In the interview, Bob Gourley explained how the problem of breach fatigue may lead to the national security implications of certain data breaches being ignored: “[W]e’ve become numb to all these attack notifications, breach notifications. There’s just millions of records stolen all the time, and so, how do you sort it out, and realize what is important or not?” This is a crucial question, since recent incidents like the Marriott data breach and the cyberattack on Tribune Publishing have implications for national security, even though the targets were private companies.
Matt Devost elaborated on the security aspects of the proliferation of A.I. technology, such as A.I. bias: “When A.I. programs are written, or algorithms are written, they kind of inherit the bias of the authors. … [W]e’ve seen this over and over again in the market, where machine learning or A.I. is introduced, and as it continues to build upon the learning in which it was programmed, those biases start to get enhanced.” This makes data integrity essential: “We need to make sure that these A.I. and machine learning systems can’t be influenced by external actors, where we see increasingly the use of machine learning to process signals from external sources.”

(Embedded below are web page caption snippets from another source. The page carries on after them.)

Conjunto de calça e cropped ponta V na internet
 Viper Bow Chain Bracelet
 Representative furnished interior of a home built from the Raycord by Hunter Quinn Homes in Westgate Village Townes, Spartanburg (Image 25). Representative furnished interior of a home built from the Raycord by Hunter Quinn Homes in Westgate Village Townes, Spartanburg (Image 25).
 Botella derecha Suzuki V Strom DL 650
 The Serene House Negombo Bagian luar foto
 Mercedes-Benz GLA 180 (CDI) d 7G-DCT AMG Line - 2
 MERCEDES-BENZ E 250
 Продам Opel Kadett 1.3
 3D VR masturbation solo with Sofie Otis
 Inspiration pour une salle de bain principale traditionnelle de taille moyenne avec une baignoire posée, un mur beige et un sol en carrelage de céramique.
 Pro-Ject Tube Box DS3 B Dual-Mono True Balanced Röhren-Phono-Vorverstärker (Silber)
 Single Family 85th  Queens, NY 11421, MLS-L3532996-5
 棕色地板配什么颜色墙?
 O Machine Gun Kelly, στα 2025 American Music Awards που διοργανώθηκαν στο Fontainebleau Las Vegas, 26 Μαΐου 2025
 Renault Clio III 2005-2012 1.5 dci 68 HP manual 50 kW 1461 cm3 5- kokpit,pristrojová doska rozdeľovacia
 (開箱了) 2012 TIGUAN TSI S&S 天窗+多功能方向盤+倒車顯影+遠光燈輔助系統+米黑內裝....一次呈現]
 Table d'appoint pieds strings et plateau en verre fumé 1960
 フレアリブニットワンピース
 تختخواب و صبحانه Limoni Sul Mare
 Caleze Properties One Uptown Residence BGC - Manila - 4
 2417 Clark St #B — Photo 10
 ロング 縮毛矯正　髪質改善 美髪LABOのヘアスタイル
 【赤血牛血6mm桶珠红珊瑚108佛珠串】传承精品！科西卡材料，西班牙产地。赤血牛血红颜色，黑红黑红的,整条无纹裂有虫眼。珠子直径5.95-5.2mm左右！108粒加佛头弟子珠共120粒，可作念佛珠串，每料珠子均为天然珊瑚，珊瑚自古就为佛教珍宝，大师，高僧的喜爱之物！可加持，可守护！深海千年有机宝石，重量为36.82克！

Matt Devost also pointed out that if security is not built into A.I. from the start, people might lose control over the development of this technology in the future: “[A]s we implement machine learning, we might reach a point where we don’t really even understand how the technology is working, so let’s start with a very strong security foundation at the beginning. Let’s build in the best practices that we know, let’s secure these platforms. Use that as the baseline.”